Coinbase announced that cyber hackers attempted to extort $20 million from the company. The hackers threatened to release stolen customer information to the public if Coinbase gave them this large amount of Bitcoin.
This is one of the largest cryptocurrency exchanges globally, and has since initiated a $20 million rewards program that offers a reward for tips leading to the apprehension and prosecution of the criminals.
The breach involved less than one percent of its monthly users, according to the company. This was ascertained through overseas support staff members, who took bribes from the hackers. They took advantage of being insiders to steal account data, which encompassed names, addresses, and government-issued IDs.
Importantly, Coinbase acknowledged that passwords, private keys, and funds were not stolen during the breach. Coinbase’s Prime accounts are also secure and untouched by this attack.

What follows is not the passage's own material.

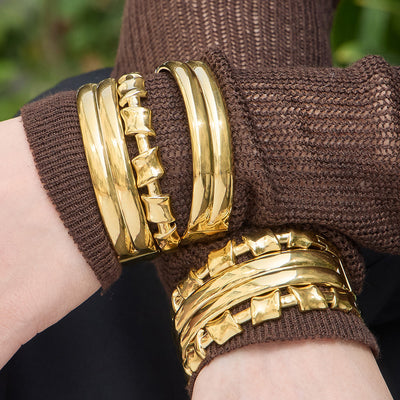 Stacked gold knot-bar and triple-band clasp bangles on brown knit sleeves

Coinbase fights hackers with law enforcement
Rather than caving to the hackers’ ultimatum, Coinbase opted to act against them by enlisting the support of law enforcement agencies. Coinbase promised complete cooperation with police and investigative agencies to prosecute the culprits.
While doing so, Coinbase also announced it will compensate any affected customers who paid for scams caused by the stolen data. This move underlines Coinbase’s focus on customers at a time when it was facing tough security incidents.
The attack is part of an emerging trend of social engineering assaults on Coinbase users. Phishers, independent researchers say, have been posing as support staff, and users have been lured into transferring funds.
The scams have resulted in financial losses running into millions. The hackers in this attack bribed a limited number of support operatives based abroad, and they then illegally accessed customers’ accounts for use in further social engineering schemes.
Coinbase stands resolute against paying the $20 million ransom. Rather, the firm’s $20 million reward is to encourage whistleblowers or informants to provide useful information. The reward fund is hoping to hasten the apprehension of the cybercriminals who perpetrated this egregious breach on customers’ trust.